Burton2000 / CS231n-2017

Completed the CS231n 2017 spring assignments from Stanford university
591 stars 193 forks source link

Assignment 3 GAN: Logits/Scores #4

Closed yoniker closed 6 years ago

yoniker commented 6 years ago

Hello!

First of all, nice work.

Secondly, this might be a bug in the original assignment but: AFAIK logits are the scores after applying softmax. For the Vanille GAN (the first one you implemented),the lines logits_fake = D(fake_images) and logits_real = D(2* (real_data - 0.5)).type(dtype) in the function run_a_gan (the one which trains GAN) bother me since those are scores and not logits... It does work though (generated images are not that bad). So what do you think? Is it a bug in the original assignment, or am I missing something here? :)

Burton2000 commented 6 years ago

Hi thanks that's great to hear. To answer your question:

Logits are actually the raw unscaled outputs they are not the result after applying softmax. Softmax function takes as input the logits and produces a normalized output so that sum(softmax_output) = 1. We can also interpret these softmax outputs as probabilities.

Our discriminator D ends with just a linear layer (no softmax) so the output of D is the logits.

This link helps to explain it better than me hopefully. https://stackoverflow.com/a/34243720/7431458

Let me know if this answers yours question.

yoniker commented 6 years ago

Oh I see, thanks! So in that case...what's the difference between scores and logits, if there's any? Are logits simply the term for scores when we do use something like Softmax and cross entropy?

Burton2000 commented 6 years ago

Yeah they are generally the same thing and people might interchange the two, but perhaps using logits is more explicit what you are referring to. Someone could refer to the output of softmax layer as probability 'scores' but it would be very wrong to call the output of a softmax layer logits.

So yes you are right that we are more likely to use the term logits instead of scores if we use a Softmax or Sigmoid layer at the end to avoid confusion.

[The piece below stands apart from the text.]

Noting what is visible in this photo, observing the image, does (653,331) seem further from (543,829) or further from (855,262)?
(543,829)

yoniker commented 6 years ago

Cool,here's a question which might be more interesting,if you don't mind: You have used padding=1 when it comes to the transpose convolution in DCGAN(generator). The assignment states "'same padding'". Now, to my understanding, 'same' padding means that the HxW of the output is the same as HxW of the input (of either conv or Transpose conv). So I've tried a padding=5 initially, only to realize that since kernel size is 4,no padding will be "same".

You clearly understand something that I don't so if you can clarify it will be awesome!

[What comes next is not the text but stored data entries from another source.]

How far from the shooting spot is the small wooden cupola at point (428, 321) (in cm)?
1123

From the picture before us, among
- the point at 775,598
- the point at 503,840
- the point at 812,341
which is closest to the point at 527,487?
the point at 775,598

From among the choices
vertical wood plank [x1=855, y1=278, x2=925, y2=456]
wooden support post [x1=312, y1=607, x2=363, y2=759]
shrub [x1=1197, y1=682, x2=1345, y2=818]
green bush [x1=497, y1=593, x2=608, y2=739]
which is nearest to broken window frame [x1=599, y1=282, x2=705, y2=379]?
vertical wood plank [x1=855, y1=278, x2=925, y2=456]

Oh also...how much work (in terms of time) was it to do the same in TensorFlow as opposed to Pytorch?

Burton2000 commented 6 years ago

For convolution, 'same' padding will only return the same HxW if the stride=1. Same can have slightly different meanings I think but in Tensorflow 'same' just means that you pad the image (if required) so that your output size is ceil(input/stride). I presume this is the 'same' they refer to in these assignments.

https://www.tensorflow.org/api_guides/python/nn#Convolution

To calculate padding value I worked backwards from the desired output shape [28,28] and know that I need to get to [7,7] by 2 convolutions of stride=2,kernel_size=4. The only way to do this is with pad=1.

Therefore going the other way with transposed convolution the pad must also be 1 (Remember tranpose conv will give the input shape of conv operation if stride,pad and kernel size are same and vice versa https://towardsdatascience.com/types-of-convolutions-in-deep-learning-717013397f4d)

You can also use the formula here to check this is right for transpose conv: http://pytorch.org/docs/master/nn.html?highlight=transpose#torch.nn.ConvTranspose2d

For work not much as I kinda knew how to use TF already so in most cases was just a matter of changing the Pytorch operations for the TF equivalents.